For the thirty-four years you taught courses there, you expected to arrive at the University of Southern California when you set forth from your point of departure somewhere to the north, in Santa Barbara.

You expected--and were overwhelming in your success--to arrive at five other destinations where you taught, as well as the various writers conferences in which you participated as a workshop leader or speaker.

Since all these destinations are associated in some way with writing, they seem for your purpose here a splendid and emphatic example of destination as an anticipated point of arrival. In turn, these examples also set in motion the concepts of departure and anticipation as necessary conditions to arrival.

A process begins when an individual such as yourself departs from a particular location. The individual is purposefully leaving Point A. Thus you at ages nine, ten, eleven, increasingly leaving Point A, which can also be seen as either home, a classroom, or some public park, with the specific destination of a library in mind.

The motivations for your departure with that destination in mind were cocktails of curiosity and boredom. The destination much more often than not provided ample remedy for the boredom, sated the curiosity to some degree, or quite possibly triggered it to even greater intensity.

A significant side effect of your earlier departures and arrivals is the person you became and now are, by profession a writer, editor, and teacher. To this day, in service of boredom and curiosity, you continue to arrive at libraries; you also arrive at bookstores and send forth electronic departures to other bookstores, newspapers, and journals. 

Often when you sit in your present dwelling, you are literally and figuratively up to your ass in books, magazines, and journals. Were you to sit on the floor, as you on occasion do, you'd as well be in over your head with books.

In your capacities as writer, editor, and teacher, your activities often involve a departure from a known or measured condition, thus a start of a journey toward an outcome or arrival. Either you, yourself, a client, or a number of students board a particular conveyance. All aboard.

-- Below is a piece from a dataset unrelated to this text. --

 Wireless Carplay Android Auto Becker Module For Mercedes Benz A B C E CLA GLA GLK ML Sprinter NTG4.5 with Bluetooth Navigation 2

The destination is the tricky part. You came upon this discovery some years back when you began to notice how, in relative terms, it is easier [for you] to begin a story than it is to end or resolve it. Somewhere along the way, you began to equate endings with punchlines of jokes. No laughter, ineffective story or punchline. But then you began to see. You didn't want that kind of a punchline. And. You were not at all adverse to laughter, but such as there was should come within. You don't want punchlines for endings; you want a sense of arrival at a destination.

All along, the reader is on track to reach a destination, but not the most anticipated one. Were you to drive to Los Angeles these days, you'd be horrified to discover force of habit had taken you to the University of Southern California.  Were you to drive to Los Angeles these days, you'd be happier to discover you'd arrived at 12224 Ventura Boulevard, Studio City, which happens to be Art's Delicatessen and Restaurant.